(RECORDS FOR THE EXERCISE):
*** Begin section ***

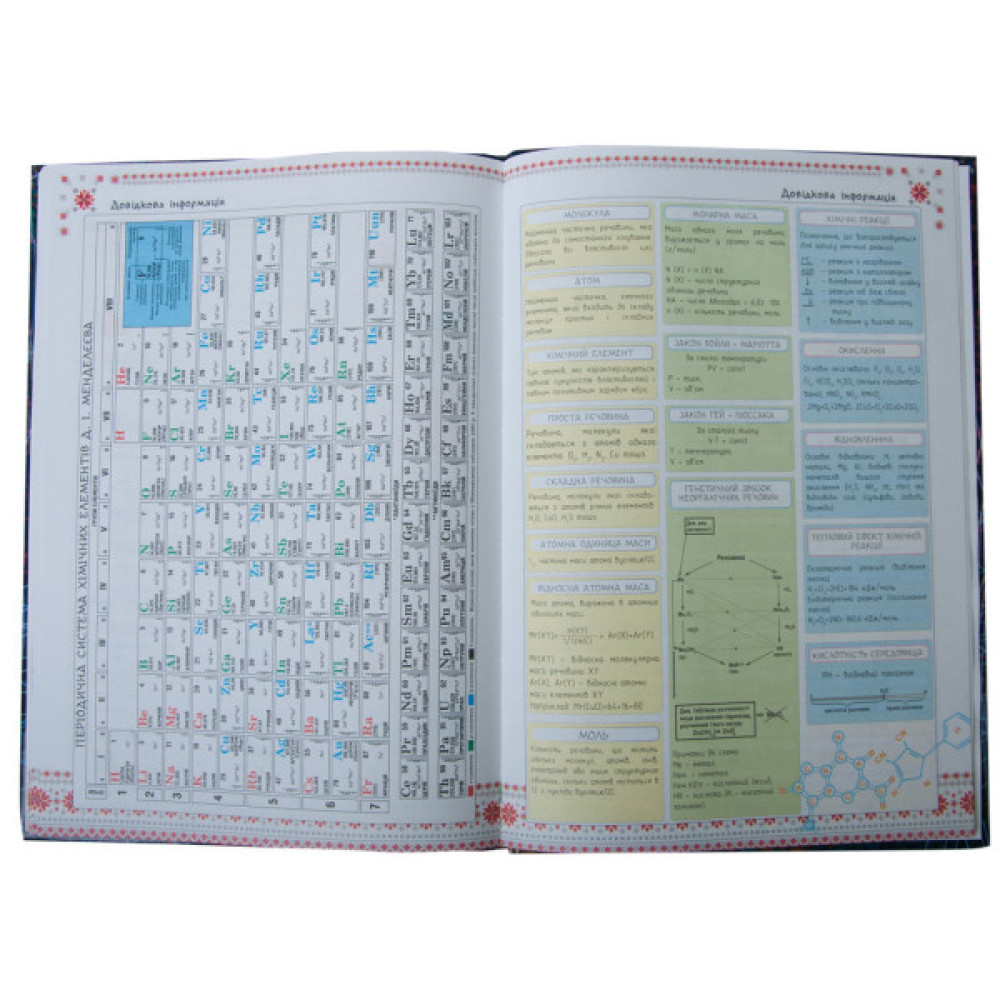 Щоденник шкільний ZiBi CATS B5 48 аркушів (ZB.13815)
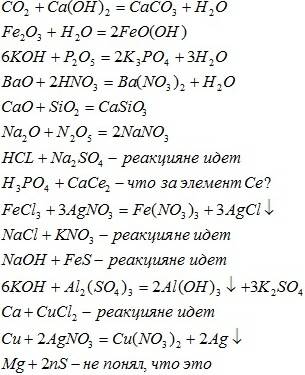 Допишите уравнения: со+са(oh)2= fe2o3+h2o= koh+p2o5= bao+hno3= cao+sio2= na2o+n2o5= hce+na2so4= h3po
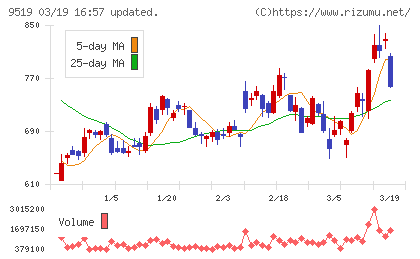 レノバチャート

*** End section ***
*** Begin section ***

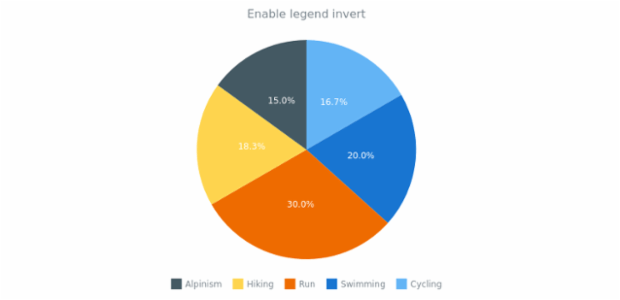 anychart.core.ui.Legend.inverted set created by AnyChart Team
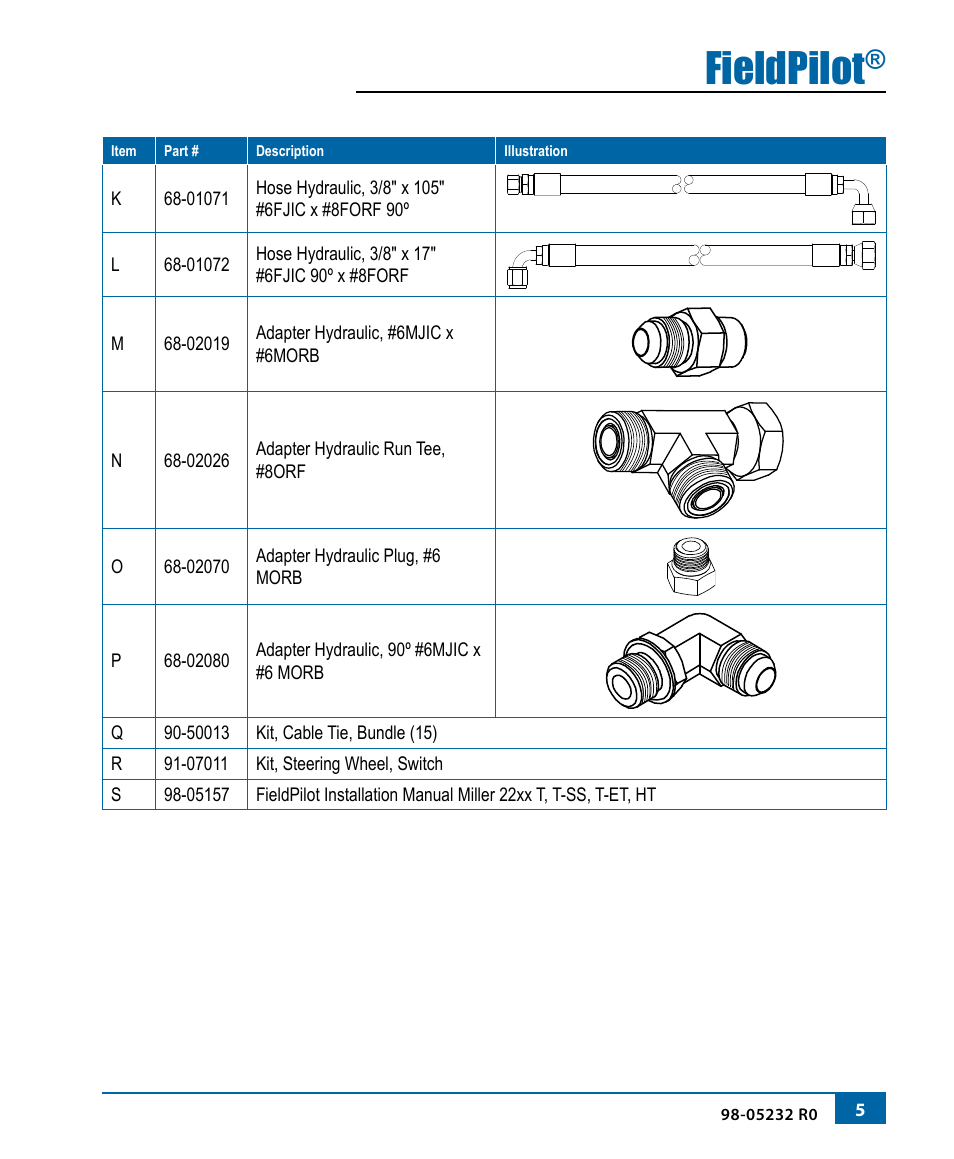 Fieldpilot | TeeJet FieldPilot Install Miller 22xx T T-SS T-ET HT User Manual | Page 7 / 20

*** End section ***
*** Begin section ***

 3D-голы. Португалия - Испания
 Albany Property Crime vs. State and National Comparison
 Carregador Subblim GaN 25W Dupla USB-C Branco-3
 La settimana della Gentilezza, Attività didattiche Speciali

*** End section ***

(WORK ORDER):
From the line holding "anychart.core.ui.Legend.inverted set created" to the line holding "Fieldpilot | TeeJet", both included, retype the entries above exactly and drop the pictures.

(TASK SOLUTION):
 anychart.core.ui.Legend.inverted set created by AnyChart Team
 Fieldpilot | TeeJet FieldPilot Install Miller 22xx T T-SS T-ET HT User Manual | Page 7 / 20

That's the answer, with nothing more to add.